Bridging Trauma to Hope: In Conversation with Jessa Crisp
- Nadia Jahnecke
- Jul 1, 2024
- 26 min read
Updated: Jun 27
Jessa Crisp is a licensed professional counsellor, public speaker, and anti-trafficking activist. A victim of sex trafficking as a child, Jessa is now working on a PhD in Counsellor Education and Supervision. She is the former CEO of Bridge Hope, an anti-trafficking non-profit within the Denver-metro area and has worked with hundreds of individuals who’ve experienced trauma, depression, grief, and anxiety.

CJLPA: Welcome, Jessa. I would like to begin by thanking you for taking the time to share your story as a heroic and courageous survivor of human trafficking. I want to start the interview by asking you to tell us about your childhood and how you first became a victim of sex trafficking.
Jessa Crisp: I was born into a family that I use the word evil to describe. They perpetrated a lot, my childhood had a lot of sexual abuse connected to it. I have seen images of my child pornography, for which technically the term is child sexual abuse material, from when I was a really small child, I would say a toddler. So I would have to assume that my trafficking started when I was very young, because, at least in the US, the federal definition of child sexual abuse material is human trafficking. And that is a huge part of my early childhood experiences and setting the stage for other people to purchase me. I experienced a lot of extreme abuse and traumas. I was not allowed to go to school as a child. When I was 17, I was taken to a hotel in Indianapolis where I was labour trafficked during the day and sex trafficked at night. That was a huge part of what I knew as my ‘normal’. I did not know anything else, just those extreme abuses. That truly lays the foundation for the person that I am today, where my passions exist, how I see myself, but also just how I see humanity. I have experienced the very worst of humanity, I have experienced that gross indignity of what humans have the ability to do. But on the other hand, I have also experienced so much joy and beauty, so much healing through humanity as well. So for me, holding that disparity between such stark experiences has really given me this desire to go, ‘how can I be able to be that kindness, that verse of good in the lives of others, but also create change around the globe, and how human trafficking is seen and engaged with?’
CJLPA: Thank you for sharing this difficult past. You were so young when you were subjected to these heinous crimes. And the people you would trust the most, the people that were meant to protect you, your parents, were the ones that subjected you to these unforgivable crimes. At such a young age, did you know what was happening?

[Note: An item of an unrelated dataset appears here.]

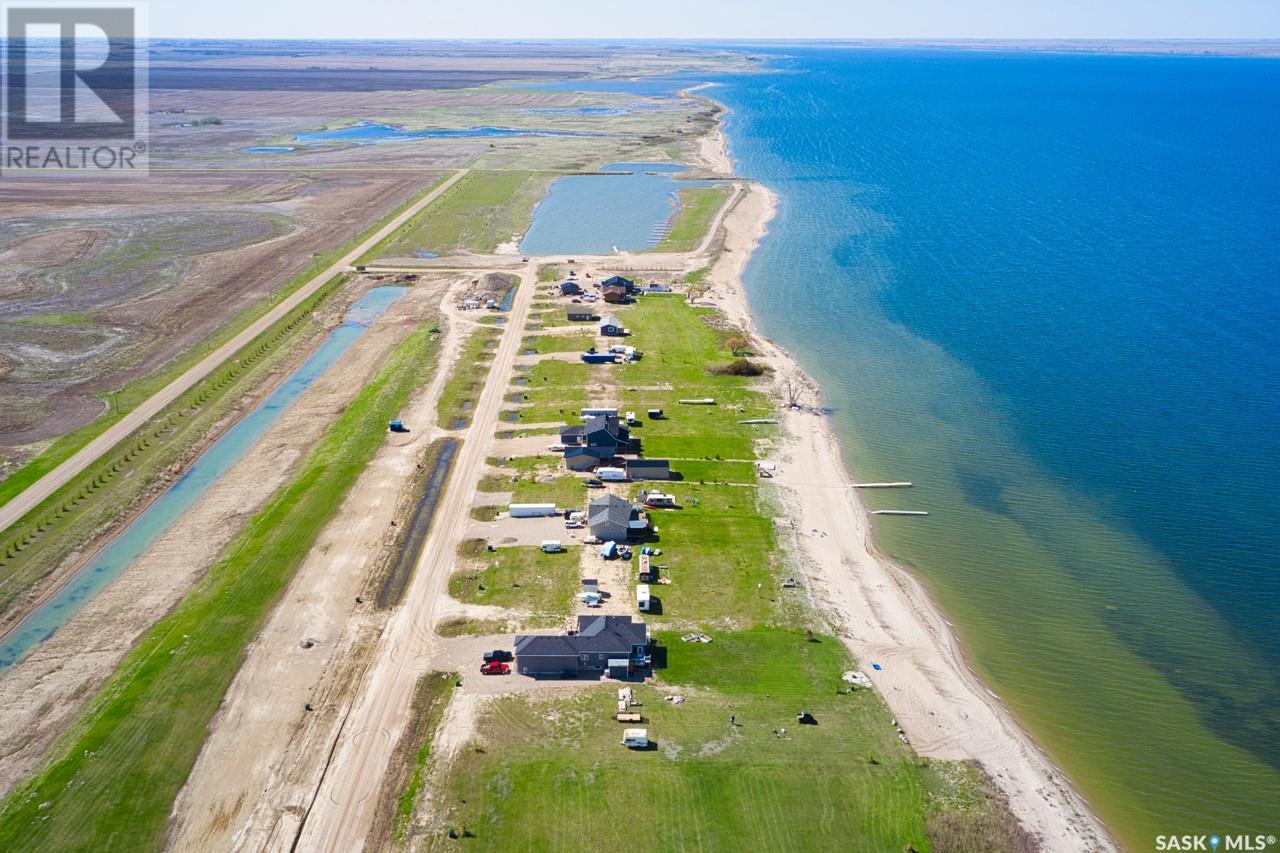 6 Sunset Acres Road, Last Mountain Valley Rm No. 250, Saskatchewan  S0G 0Z0 - Photo 6 - SK992621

JC: For me it was just such a normal part of how I saw life, all I knew was people using and abusing me. My body hurt so, yes, I knew that something was not right. I remember looking out my window at an elementary school just beyond my backyard and seeing kids play in the playground and seeing kids walk to school with lunches. I remember just being so curious about that mystery, the mystery that lay beyond the confines of my own realities. I remember having those big existential questions as a child, but yet it was also so normal that I did not know how else to question it. So I always wanted to figure out what it would look like for me to have a day at that school. What would that be like? But I also did not know anything else. And it was not until years later—I am still in this process of realizing how abnormal my childhood was, and how all of that abnormality has continued to impact my life. I am still on that journey, trying to conceptualize what that means and what that looks like. But that was all I knew. And so it was my normal.